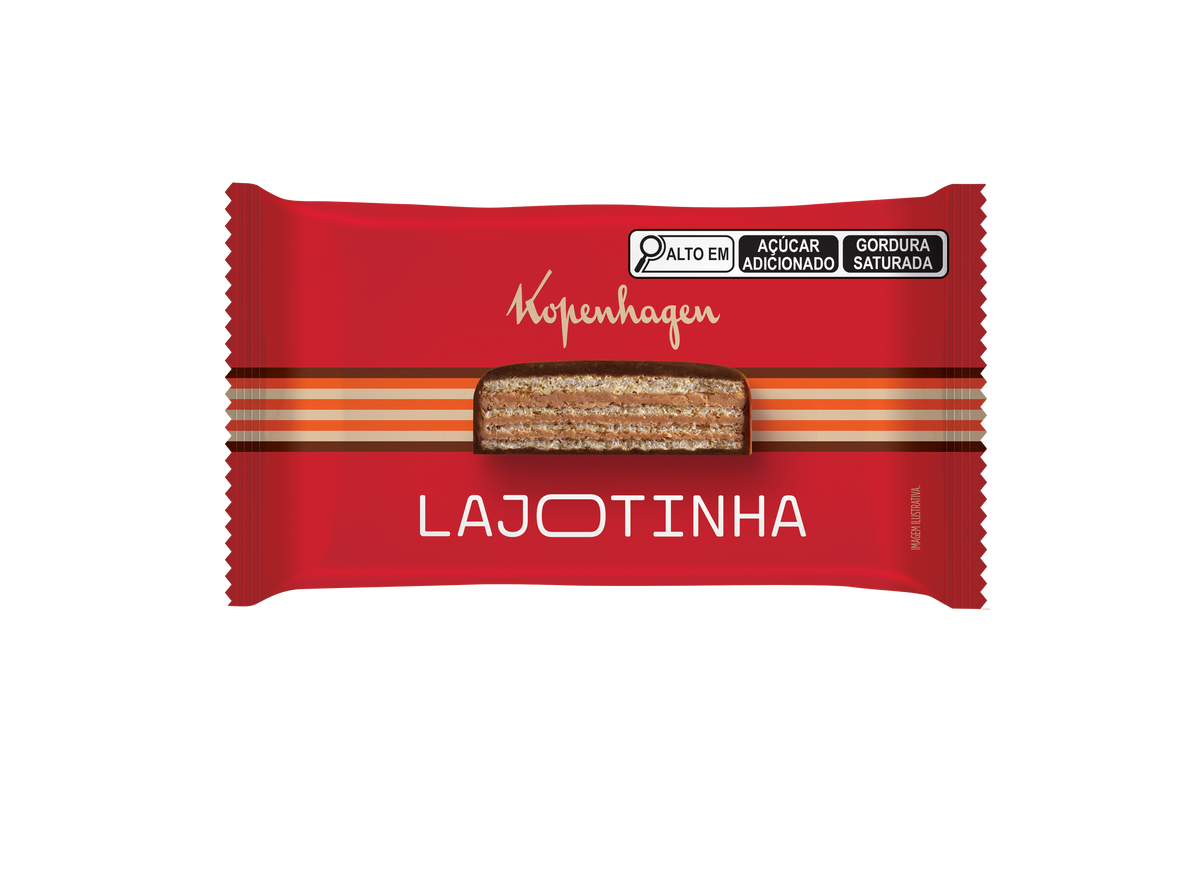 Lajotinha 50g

-.-.-

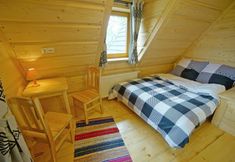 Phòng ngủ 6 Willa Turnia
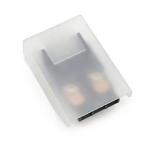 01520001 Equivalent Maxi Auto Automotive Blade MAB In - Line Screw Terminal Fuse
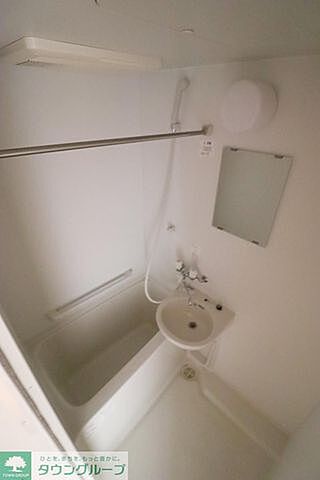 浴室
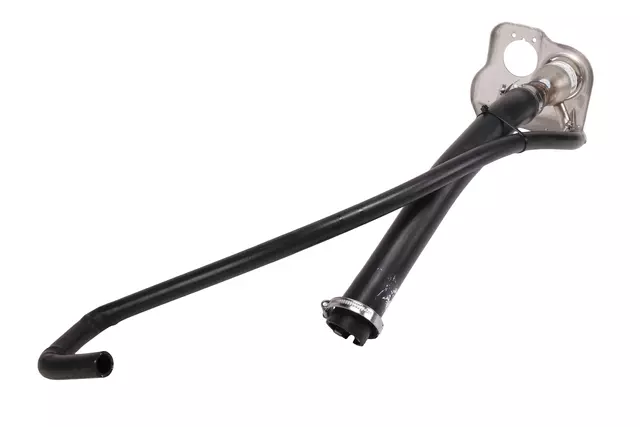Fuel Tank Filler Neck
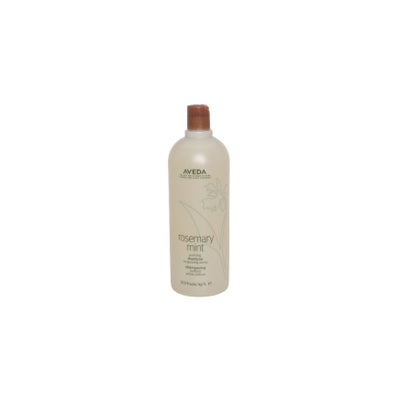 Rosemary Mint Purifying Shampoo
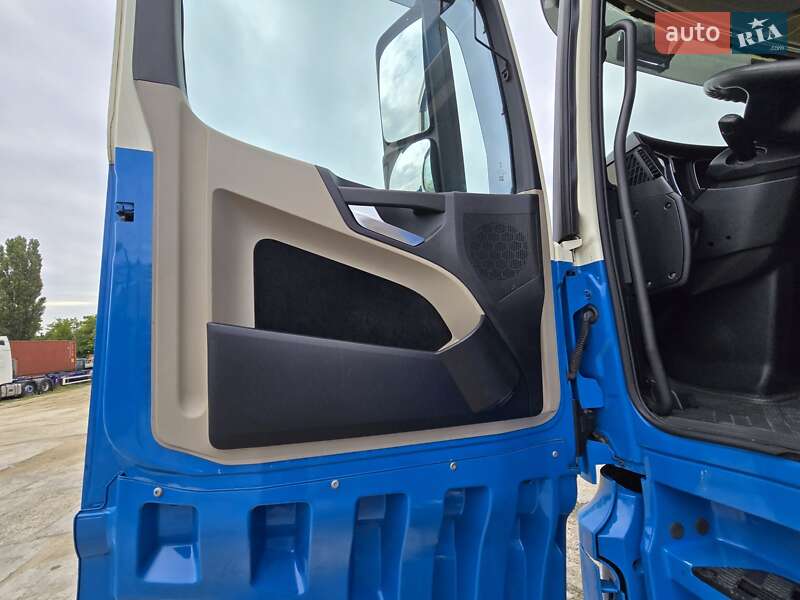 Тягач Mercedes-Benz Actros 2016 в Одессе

-.-.-

## EXERCISE
Please return the data above exactly as it stands from the line with "Fuel Tank Filler Neck" to the line with "Тягач Mercedes-Benz Actros 2016 в Одессе", keeping both of those lines but none of the pictures.

## SOLVED EXERCISE
Fuel Tank Filler Neck
 Rosemary Mint Purifying Shampoo
 Тягач Mercedes-Benz Actros 2016 в Одессе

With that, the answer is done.